In general, the differences between the two pointer types were not significant. The only exception being that early versions of our non-intrusive pointer implicitly converted from a raw pointer and this can easily lead to memory problems if the pointers are used incorrectly:
void doSomething (NIPtr<int> const &);
void foo () {
NIPtr<int> i = new int;
int & j = *i;
doSomething (&j); // Ooops - owned by two pointers! :(
}
A while ago, some refactoring resulted in some parts of the code being merged, and so a choice had to be made about which pointer type to use. The non-intrusive pointer now had the converting constructor declared as explicit and so it was decided to go with the intrusive pointer to save on the amount of code change that was required.
To our great surprise one thing we did notice was that we had an immediate performance improvement by using the intrusive pointer. We did not put much research into this, and just assumed that the difference was the cost of maintaining the count object. It is possible that other implementations of non-intrusive shared pointer have solved this problem by now.
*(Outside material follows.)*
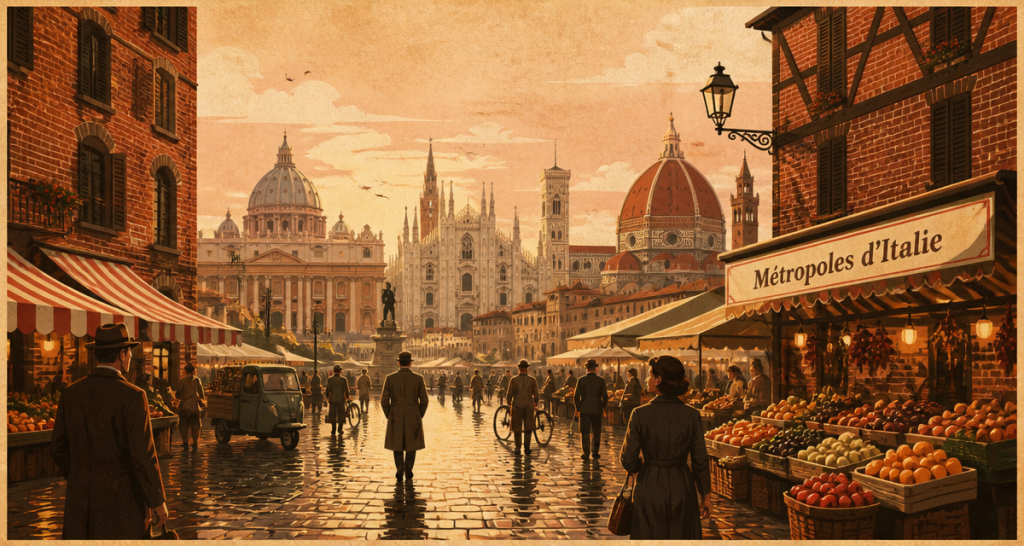 ville en italie place animée marché matin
What you are talking about are intrusive and non-intrusive smart pointers. Boost has both. boost::intrusive_ptr calls a function to decrease and increase the reference count of your object, everytime it needs to change the reference count. It's not calling member functions, but free functions. So it allows managing objects without the need to change the definition of their types. And as you say, boost::shared_ptr is non-intrusive, your category 2.
I have an answer explaining intrusive_ptr: Making shared_ptr not use delete. In short, you use it if you have an object that has already reference counting, or need (as you explain) an object that is already referenced to be owned by an intrusive_ptr.